**EXERCISE**
Write every entry out again, unchanged.

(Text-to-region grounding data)
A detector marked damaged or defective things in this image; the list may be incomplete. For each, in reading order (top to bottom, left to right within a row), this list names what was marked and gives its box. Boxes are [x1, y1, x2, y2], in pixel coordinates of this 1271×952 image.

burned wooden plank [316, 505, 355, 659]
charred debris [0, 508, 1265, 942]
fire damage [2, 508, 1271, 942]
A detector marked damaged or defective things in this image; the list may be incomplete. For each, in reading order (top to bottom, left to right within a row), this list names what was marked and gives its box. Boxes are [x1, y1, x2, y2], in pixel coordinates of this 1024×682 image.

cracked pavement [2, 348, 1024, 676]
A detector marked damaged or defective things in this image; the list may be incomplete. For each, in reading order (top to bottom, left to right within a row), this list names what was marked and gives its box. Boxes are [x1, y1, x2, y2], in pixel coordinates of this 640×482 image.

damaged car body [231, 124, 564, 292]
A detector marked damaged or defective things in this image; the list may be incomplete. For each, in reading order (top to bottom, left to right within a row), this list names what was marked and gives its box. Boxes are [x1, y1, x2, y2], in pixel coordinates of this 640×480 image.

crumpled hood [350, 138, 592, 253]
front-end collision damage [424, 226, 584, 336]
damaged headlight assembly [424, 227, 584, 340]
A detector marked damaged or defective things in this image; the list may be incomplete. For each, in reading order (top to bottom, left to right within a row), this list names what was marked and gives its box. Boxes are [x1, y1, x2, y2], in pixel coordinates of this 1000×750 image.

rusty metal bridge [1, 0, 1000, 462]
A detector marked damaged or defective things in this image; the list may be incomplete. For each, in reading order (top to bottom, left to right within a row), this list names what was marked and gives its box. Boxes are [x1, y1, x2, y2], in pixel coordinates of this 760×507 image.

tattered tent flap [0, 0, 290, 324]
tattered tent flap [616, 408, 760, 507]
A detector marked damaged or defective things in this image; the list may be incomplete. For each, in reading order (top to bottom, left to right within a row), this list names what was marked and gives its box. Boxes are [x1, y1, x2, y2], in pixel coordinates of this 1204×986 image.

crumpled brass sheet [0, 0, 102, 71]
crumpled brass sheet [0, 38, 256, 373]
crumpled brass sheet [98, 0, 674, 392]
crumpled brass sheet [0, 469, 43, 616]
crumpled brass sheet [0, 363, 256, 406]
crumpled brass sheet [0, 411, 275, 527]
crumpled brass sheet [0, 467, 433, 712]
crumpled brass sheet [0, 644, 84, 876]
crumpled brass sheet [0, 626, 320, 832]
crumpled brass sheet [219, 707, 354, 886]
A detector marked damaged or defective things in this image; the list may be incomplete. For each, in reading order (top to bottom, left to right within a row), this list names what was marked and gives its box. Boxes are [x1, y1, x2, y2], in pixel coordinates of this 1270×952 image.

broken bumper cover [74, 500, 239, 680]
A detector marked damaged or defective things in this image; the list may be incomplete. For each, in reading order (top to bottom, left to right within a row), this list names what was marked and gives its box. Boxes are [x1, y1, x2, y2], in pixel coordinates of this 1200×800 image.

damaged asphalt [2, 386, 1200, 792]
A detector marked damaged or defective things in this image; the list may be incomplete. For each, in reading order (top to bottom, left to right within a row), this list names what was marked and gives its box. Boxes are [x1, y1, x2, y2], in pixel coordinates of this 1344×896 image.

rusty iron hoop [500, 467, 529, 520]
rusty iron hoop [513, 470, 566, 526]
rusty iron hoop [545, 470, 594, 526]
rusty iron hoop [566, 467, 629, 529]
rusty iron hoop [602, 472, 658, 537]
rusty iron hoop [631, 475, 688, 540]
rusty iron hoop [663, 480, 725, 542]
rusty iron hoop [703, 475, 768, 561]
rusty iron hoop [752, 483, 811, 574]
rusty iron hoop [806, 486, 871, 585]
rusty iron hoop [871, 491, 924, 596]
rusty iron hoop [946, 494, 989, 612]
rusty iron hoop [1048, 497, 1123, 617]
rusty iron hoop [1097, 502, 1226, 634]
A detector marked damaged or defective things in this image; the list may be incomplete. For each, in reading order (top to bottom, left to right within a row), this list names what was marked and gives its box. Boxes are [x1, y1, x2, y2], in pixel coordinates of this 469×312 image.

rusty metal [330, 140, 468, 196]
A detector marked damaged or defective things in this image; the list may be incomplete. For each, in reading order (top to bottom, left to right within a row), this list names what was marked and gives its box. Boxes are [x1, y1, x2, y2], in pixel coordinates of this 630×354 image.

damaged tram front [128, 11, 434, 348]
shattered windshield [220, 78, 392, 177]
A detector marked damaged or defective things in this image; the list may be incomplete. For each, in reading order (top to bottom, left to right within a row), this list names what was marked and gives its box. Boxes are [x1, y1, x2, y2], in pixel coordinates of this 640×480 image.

**REPLY**
A detector marked damaged or defective things in this image; the list may be incomplete. For each, in reading order (top to bottom, left to right within a row), this list names what was marked and gives its box. Boxes are [x1, y1, x2, y2], in pixel coordinates of this 1271×952 image.

burned wooden plank [316, 505, 355, 659]
charred debris [0, 508, 1265, 942]
fire damage [2, 508, 1271, 942]
A detector marked damaged or defective things in this image; the list may be incomplete. For each, in reading order (top to bottom, left to right within a row), this list names what was marked and gives its box. Boxes are [x1, y1, x2, y2], in pixel coordinates of this 1024×682 image.

cracked pavement [2, 348, 1024, 676]
A detector marked damaged or defective things in this image; the list may be incomplete. For each, in reading order (top to bottom, left to right within a row), this list names what was marked and gives its box. Boxes are [x1, y1, x2, y2], in pixel coordinates of this 640×482 image.

damaged car body [231, 124, 564, 292]
A detector marked damaged or defective things in this image; the list may be incomplete. For each, in reading order (top to bottom, left to right within a row), this list names what was marked and gives its box. Boxes are [x1, y1, x2, y2], in pixel coordinates of this 640×480 image.

crumpled hood [350, 138, 592, 253]
front-end collision damage [424, 226, 584, 336]
damaged headlight assembly [424, 227, 584, 340]
A detector marked damaged or defective things in this image; the list may be incomplete. For each, in reading order (top to bottom, left to right within a row), this list names what was marked and gives its box. Boxes are [x1, y1, x2, y2], in pixel coordinates of this 1000×750 image.

rusty metal bridge [1, 0, 1000, 462]
A detector marked damaged or defective things in this image; the list may be incomplete. For each, in reading order (top to bottom, left to right within a row), this list names what was marked and gives its box. Boxes are [x1, y1, x2, y2], in pixel coordinates of this 760×507 image.

tattered tent flap [0, 0, 290, 324]
tattered tent flap [616, 408, 760, 507]
A detector marked damaged or defective things in this image; the list may be incomplete. For each, in reading order (top to bottom, left to right within a row), this list names what was marked and gives its box. Boxes are [x1, y1, x2, y2], in pixel coordinates of this 1204×986 image.

crumpled brass sheet [0, 0, 102, 71]
crumpled brass sheet [0, 38, 256, 373]
crumpled brass sheet [98, 0, 674, 392]
crumpled brass sheet [0, 469, 43, 616]
crumpled brass sheet [0, 363, 256, 406]
crumpled brass sheet [0, 411, 275, 527]
crumpled brass sheet [0, 467, 433, 712]
crumpled brass sheet [0, 644, 84, 876]
crumpled brass sheet [0, 626, 320, 832]
crumpled brass sheet [219, 707, 354, 886]
A detector marked damaged or defective things in this image; the list may be incomplete. For each, in reading order (top to bottom, left to right within a row), this list names what was marked and gives its box. Boxes are [x1, y1, x2, y2], in pixel coordinates of this 1270×952 image.

broken bumper cover [74, 500, 239, 680]
A detector marked damaged or defective things in this image; the list may be incomplete. For each, in reading order (top to bottom, left to right within a row), this list names what was marked and gives its box. Boxes are [x1, y1, x2, y2], in pixel coordinates of this 1200×800 image.

damaged asphalt [2, 386, 1200, 792]
A detector marked damaged or defective things in this image; the list may be incomplete. For each, in reading order (top to bottom, left to right within a row), this list names what was marked and gives its box. Boxes are [x1, y1, x2, y2], in pixel coordinates of this 1344×896 image.

rusty iron hoop [500, 467, 529, 520]
rusty iron hoop [513, 470, 566, 526]
rusty iron hoop [545, 470, 594, 526]
rusty iron hoop [566, 467, 629, 529]
rusty iron hoop [602, 472, 658, 537]
rusty iron hoop [631, 475, 688, 540]
rusty iron hoop [663, 480, 725, 542]
rusty iron hoop [703, 475, 768, 561]
rusty iron hoop [752, 483, 811, 574]
rusty iron hoop [806, 486, 871, 585]
rusty iron hoop [871, 491, 924, 596]
rusty iron hoop [946, 494, 989, 612]
rusty iron hoop [1048, 497, 1123, 617]
rusty iron hoop [1097, 502, 1226, 634]
A detector marked damaged or defective things in this image; the list may be incomplete. For each, in reading order (top to bottom, left to right within a row), this list names what was marked and gives its box. Boxes are [x1, y1, x2, y2], in pixel coordinates of this 469×312 image.

rusty metal [330, 140, 468, 196]
A detector marked damaged or defective things in this image; the list may be incomplete. For each, in reading order (top to bottom, left to right within a row), this list names what was marked and gives its box. Boxes are [x1, y1, x2, y2], in pixel coordinates of this 630×354 image.

damaged tram front [128, 11, 434, 348]
shattered windshield [220, 78, 392, 177]
A detector marked damaged or defective things in this image; the list may be incomplete. For each, in reading order (top to bottom, left to right within a row), this list names what was marked and gives its box. Boxes are [x1, y1, x2, y2], in pixel coordinates of this 640×480 image.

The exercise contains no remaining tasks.